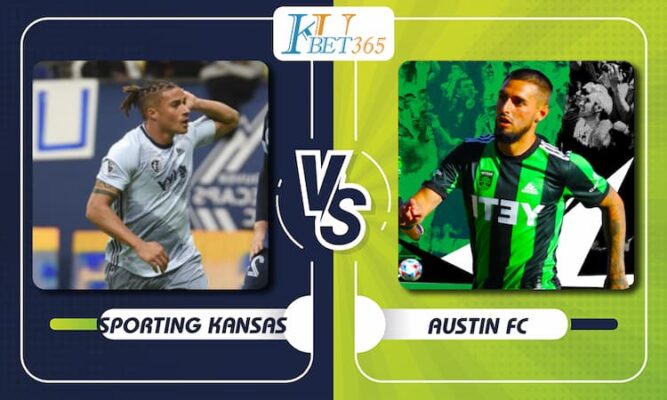 Sporting Kansas City vs Austin FC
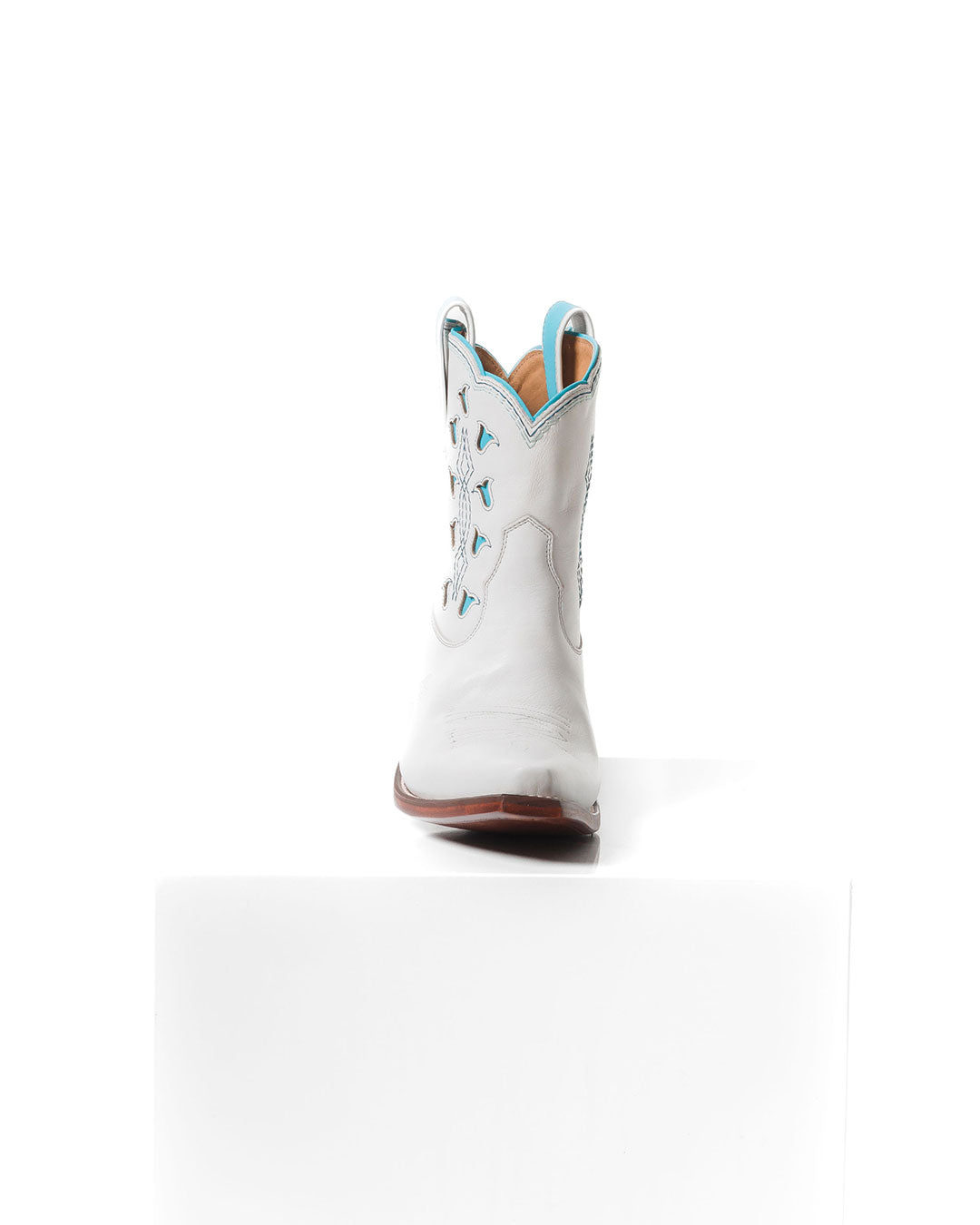 Bright Boot White/Truq Women’s Cowboy Boots | Besita Boots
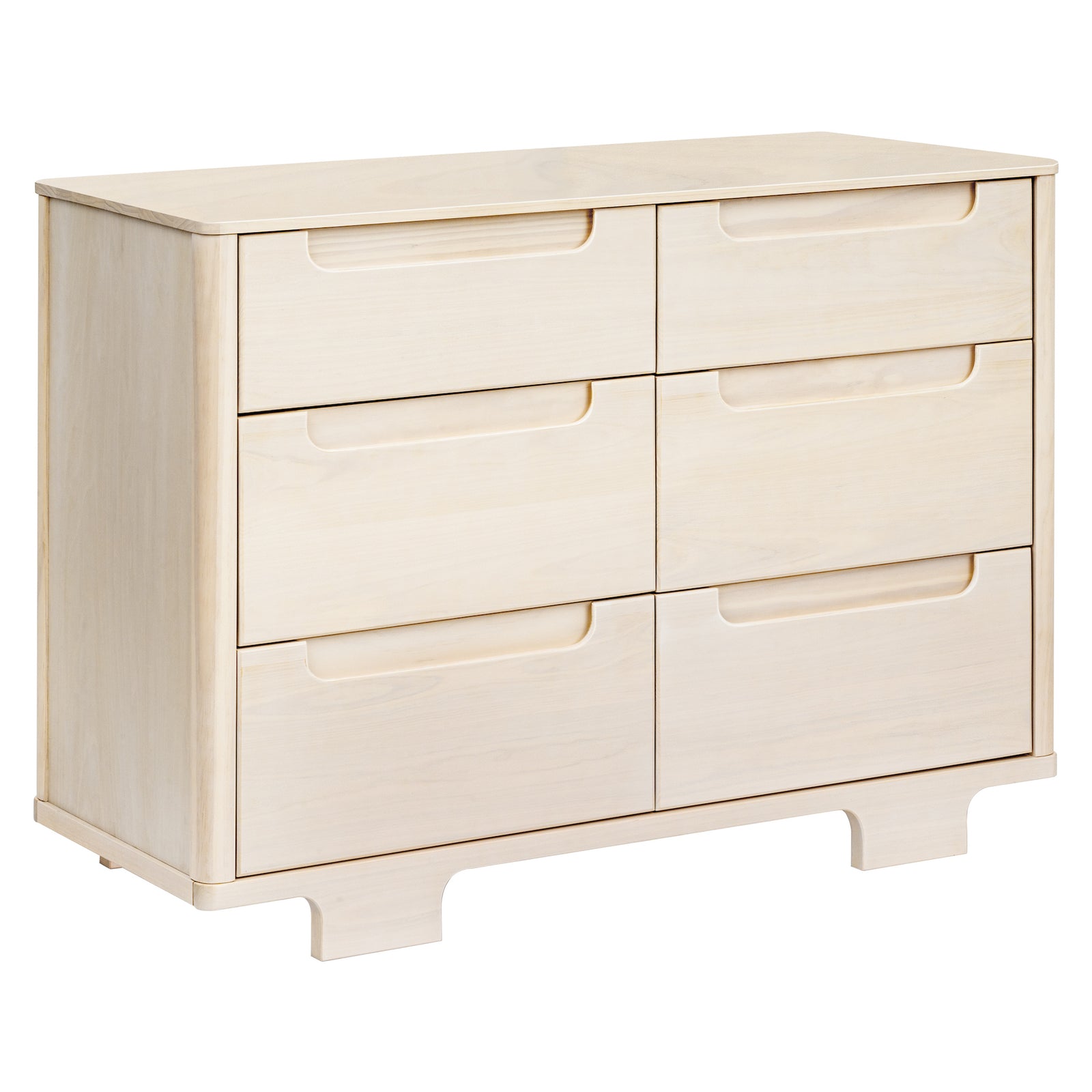 Yuzu 6-Drawer Dresser (48")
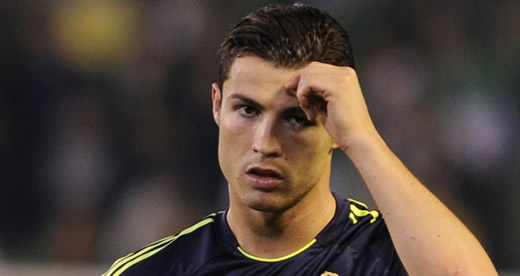 PSG coach Carlo Ancelotti has denied reports Cristiano Ronaldo could join the club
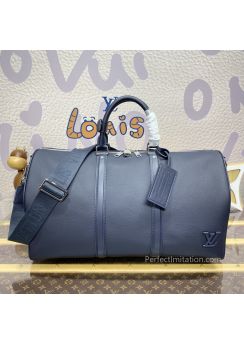 lv-navy-textured-duffle-bag-pilvj01599-01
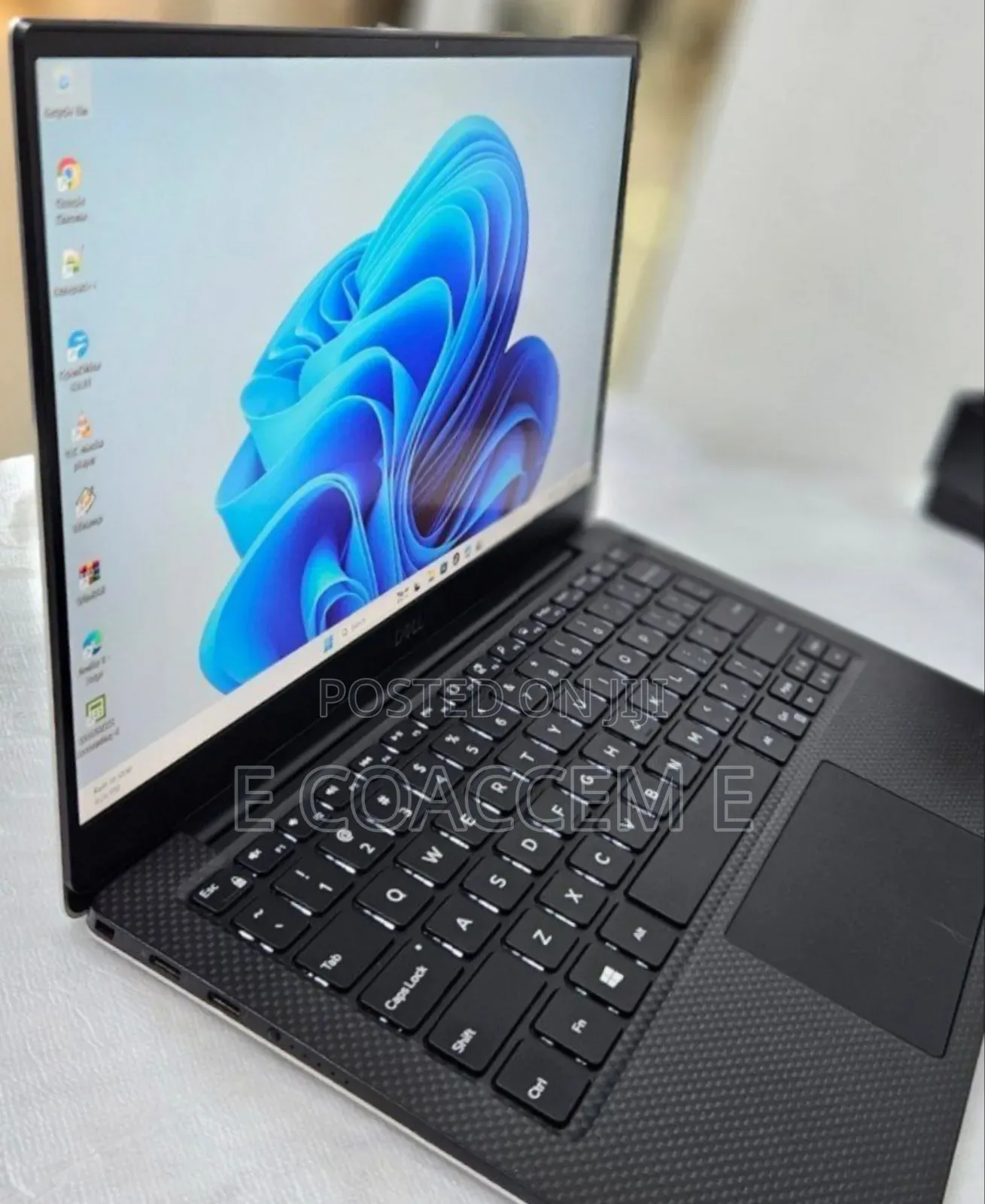 New Laptop Dell 16GB Intel Core I7 SSD 512GB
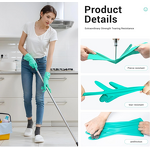 Nitrile Gloves Factory - 5Mil 6Mil Disposable Powder Free Examination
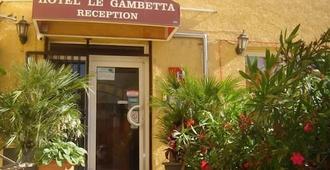 Le Gambetta - Vias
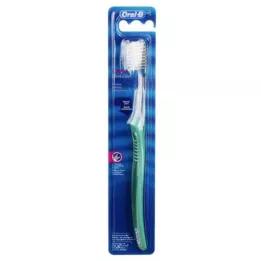 ORAL-B Plus Ortho-tandbørste, 1 stk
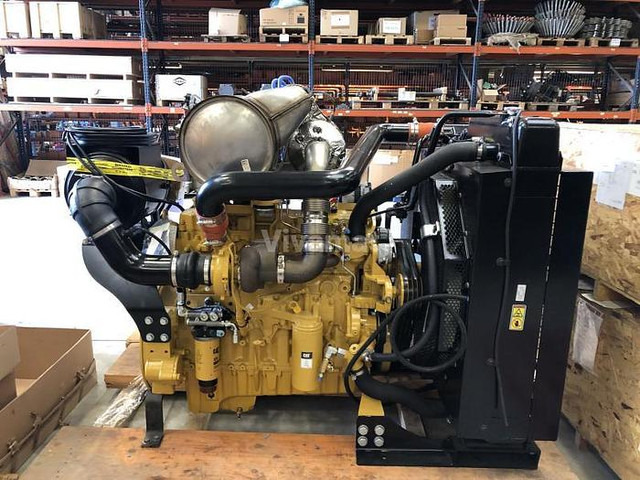 Caterpillar C9.3B - Motor: foto 3 Caterpillar C9.3B - Motor: foto 3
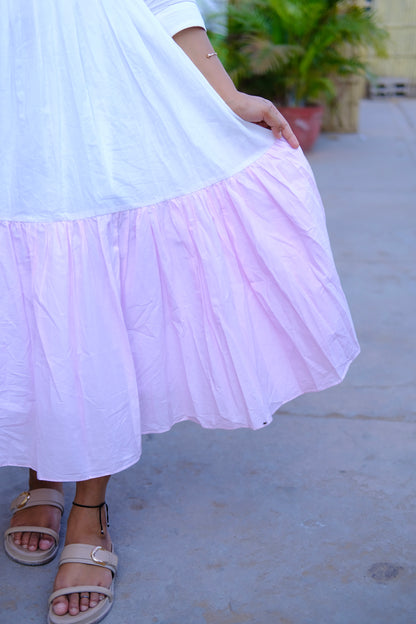 Meera - Midi Dress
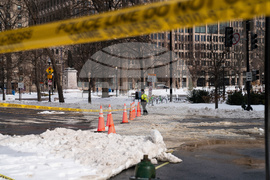 Winter Weather Washington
-------
HOW TO COMPLETE THIS TASK
Restate word for word the lines from the one holding "New Laptop Dell 16GB Intel Core I7 SSD 512GB" down through the last line of the records above, and do not include the pictures.

RESULT OF THE EXERCISE
 New Laptop Dell 16GB Intel Core I7 SSD 512GB
 Nitrile Gloves Factory - 5Mil 6Mil Disposable Powder Free Examination
 Le Gambetta - Vias
 ORAL-B Plus Ortho-tandbørste, 1 stk
 Caterpillar C9.3B - Motor: foto 3 Caterpillar C9.3B - Motor: foto 3
 Meera - Midi Dress
 Winter Weather Washington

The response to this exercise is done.